Only the lines from the one containing "Good Morning Happy" through the end of the entries should be returned, exactly as they are, with the pictures omitted.

___ Records shown

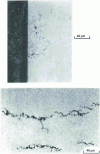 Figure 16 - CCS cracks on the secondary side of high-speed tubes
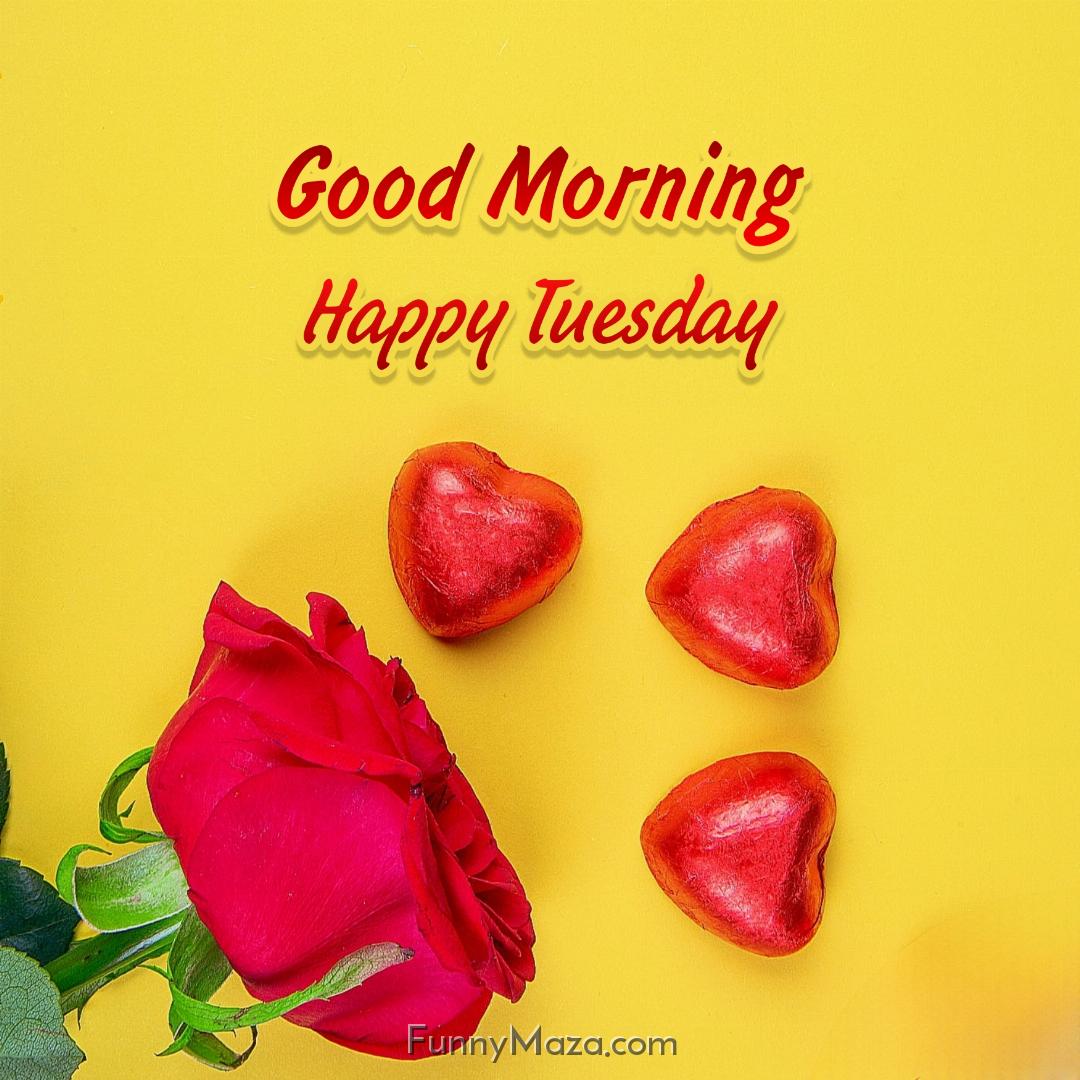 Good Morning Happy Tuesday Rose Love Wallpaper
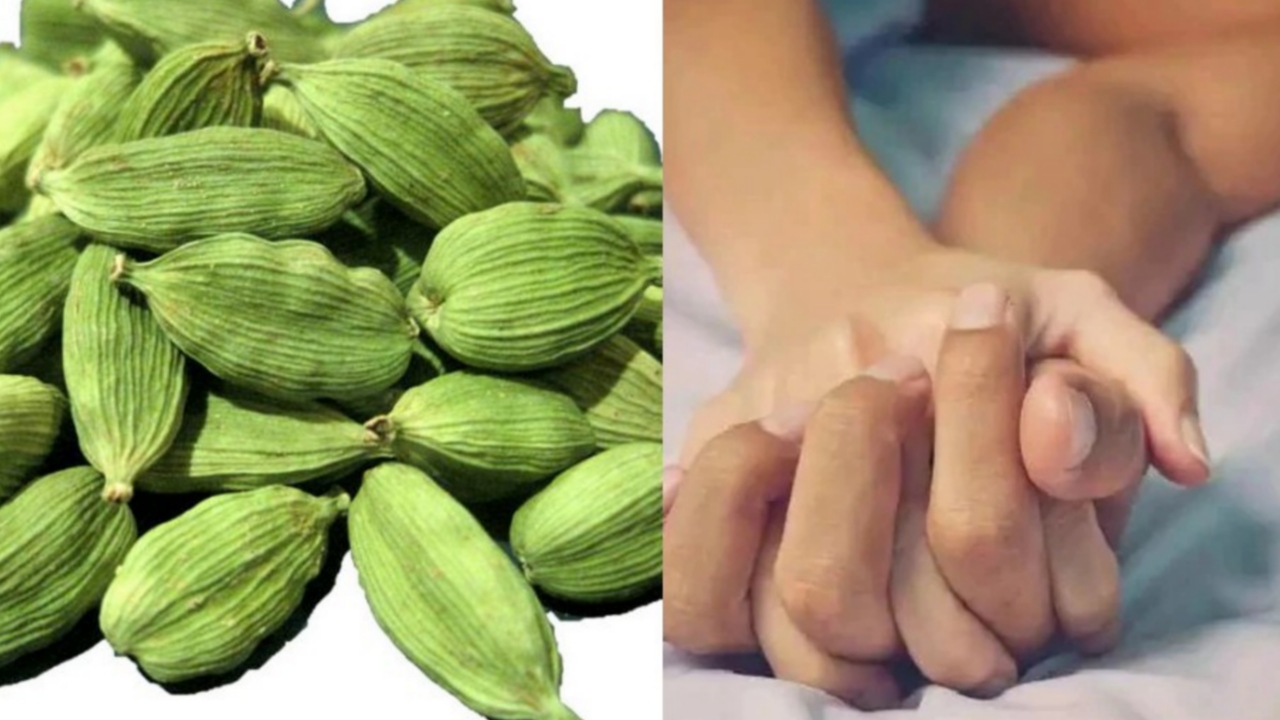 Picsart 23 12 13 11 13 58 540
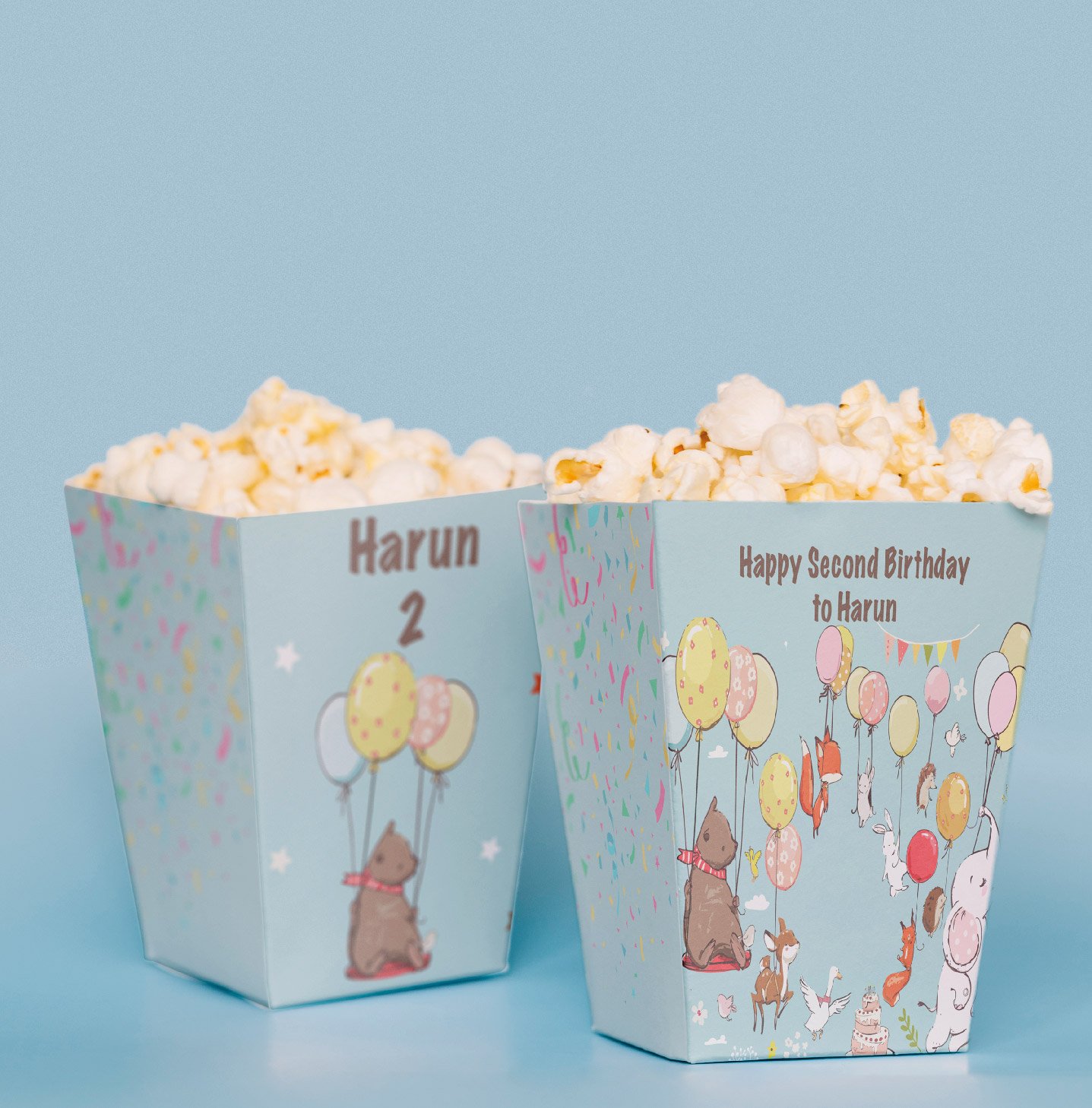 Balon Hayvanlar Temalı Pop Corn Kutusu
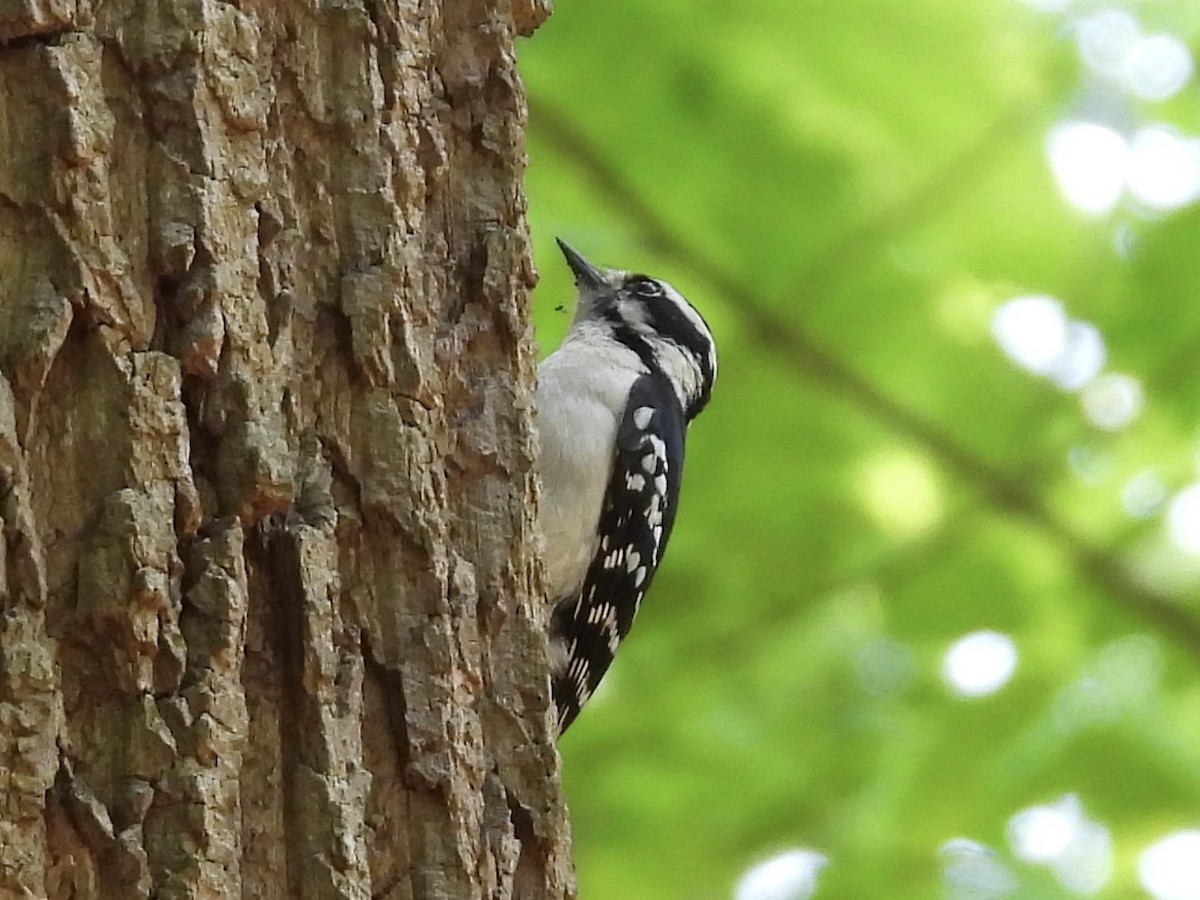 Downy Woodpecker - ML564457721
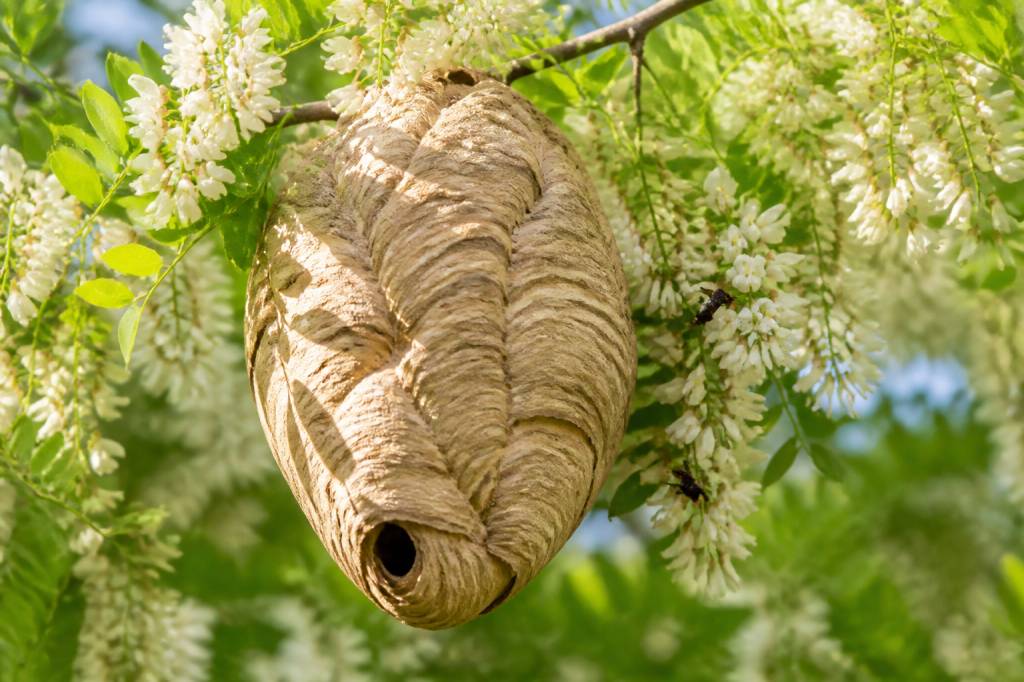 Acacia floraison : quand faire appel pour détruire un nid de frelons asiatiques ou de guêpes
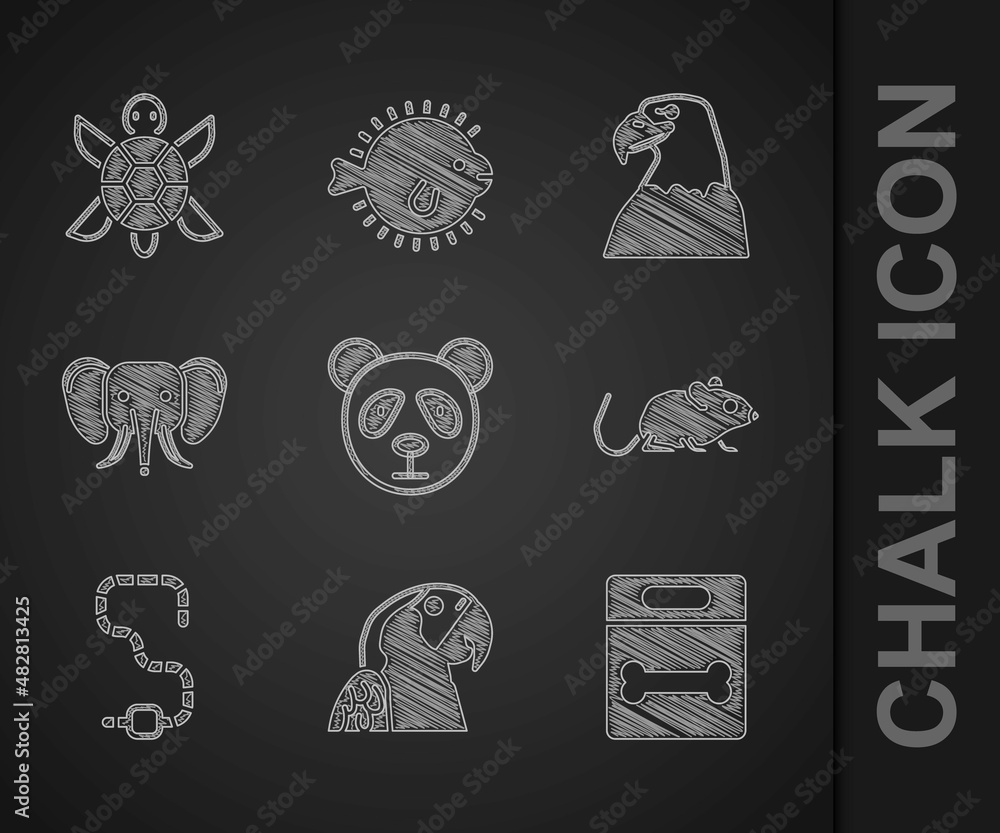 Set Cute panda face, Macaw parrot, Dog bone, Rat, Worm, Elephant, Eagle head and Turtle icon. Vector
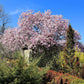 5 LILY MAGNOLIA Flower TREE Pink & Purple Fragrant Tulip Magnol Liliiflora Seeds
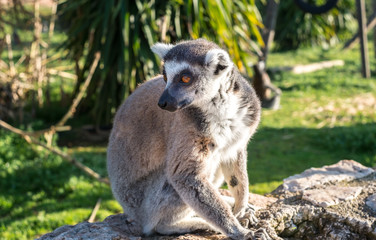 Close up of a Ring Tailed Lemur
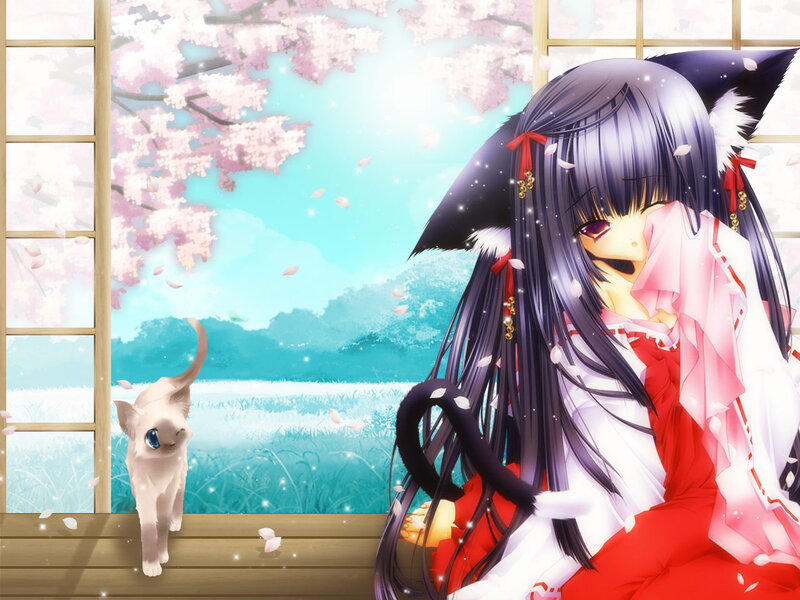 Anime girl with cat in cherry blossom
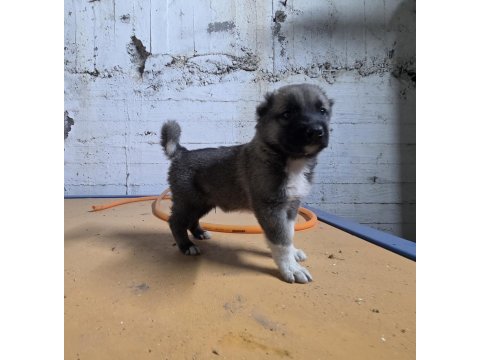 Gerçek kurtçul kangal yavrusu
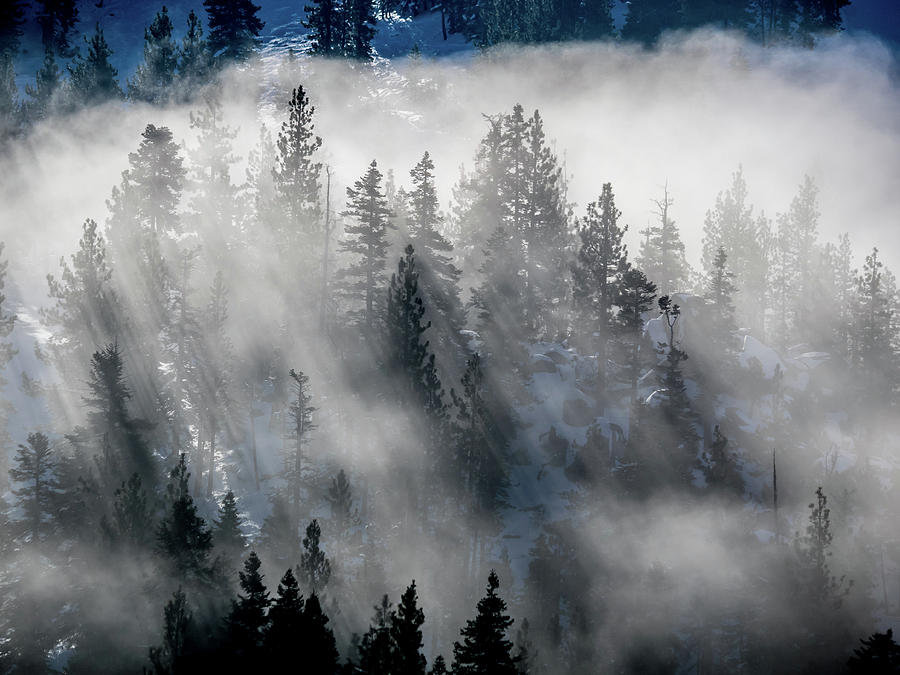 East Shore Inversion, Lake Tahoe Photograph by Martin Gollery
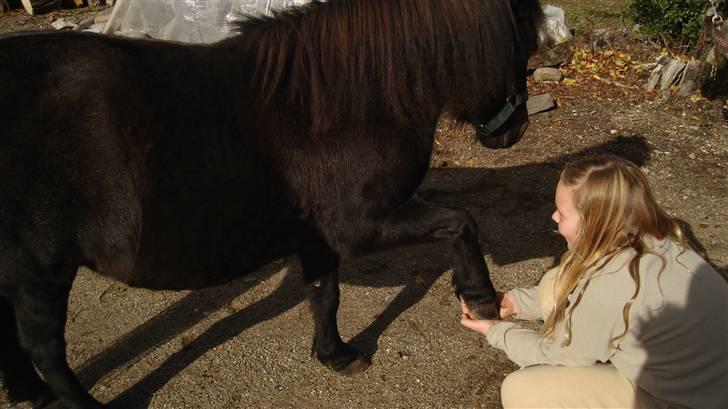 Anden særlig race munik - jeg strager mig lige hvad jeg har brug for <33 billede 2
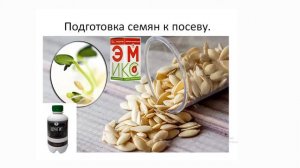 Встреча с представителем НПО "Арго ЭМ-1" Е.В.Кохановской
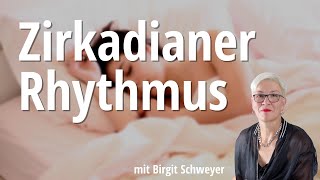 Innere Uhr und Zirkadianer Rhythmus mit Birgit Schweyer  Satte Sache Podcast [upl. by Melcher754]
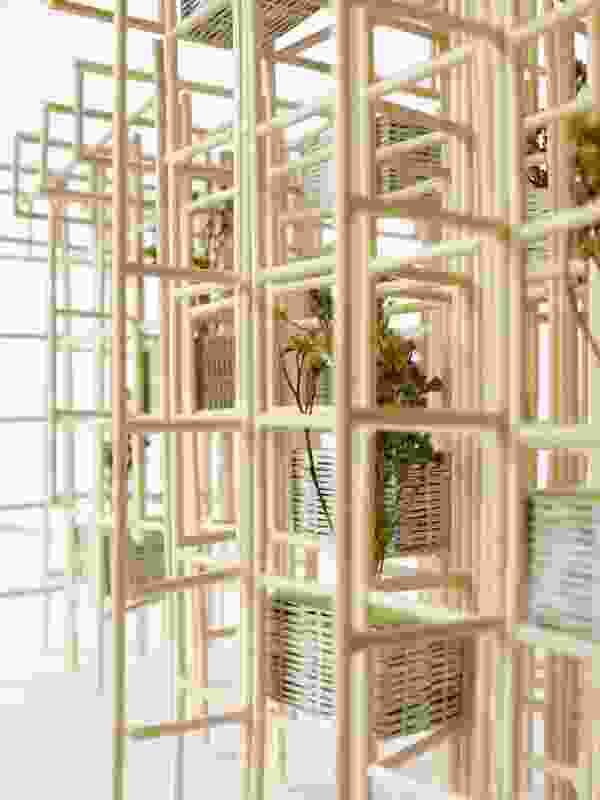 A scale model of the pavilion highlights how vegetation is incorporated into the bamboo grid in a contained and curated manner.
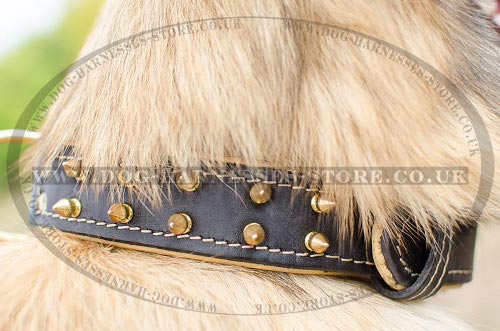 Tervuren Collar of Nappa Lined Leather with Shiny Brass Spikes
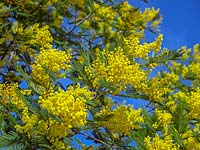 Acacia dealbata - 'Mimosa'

______

> _Output of the task_:
 Good Morning Happy Tuesday Rose Love Wallpaper
 Picsart 23 12 13 11 13 58 540
 Balon Hayvanlar Temalı Pop Corn Kutusu
 Downy Woodpecker - ML564457721
 Acacia floraison : quand faire appel pour détruire un nid de frelons asiatiques ou de guêpes
 Set Cute panda face, Macaw parrot, Dog bone, Rat, Worm, Elephant, Eagle head and Turtle icon. Vector
 5 LILY MAGNOLIA Flower TREE Pink & Purple Fragrant Tulip Magnol Liliiflora Seeds
 Close up of a Ring Tailed Lemur
 Anime girl with cat in cherry blossom
 Gerçek kurtçul kangal yavrusu
 East Shore Inversion, Lake Tahoe Photograph by Martin Gollery
 Anden særlig race munik - jeg strager mig lige hvad jeg har brug for <33 billede 2
 Встреча с представителем НПО "Арго ЭМ-1" Е.В.Кохановской
 Innere Uhr und Zirkadianer Rhythmus mit Birgit Schweyer  Satte Sache Podcast [upl. by Melcher754]
 A scale model of the pavilion highlights how vegetation is incorporated into the bamboo grid in a contained and curated manner.
 Tervuren Collar of Nappa Lined Leather with Shiny Brass Spikes
 Acacia dealbata - 'Mimosa'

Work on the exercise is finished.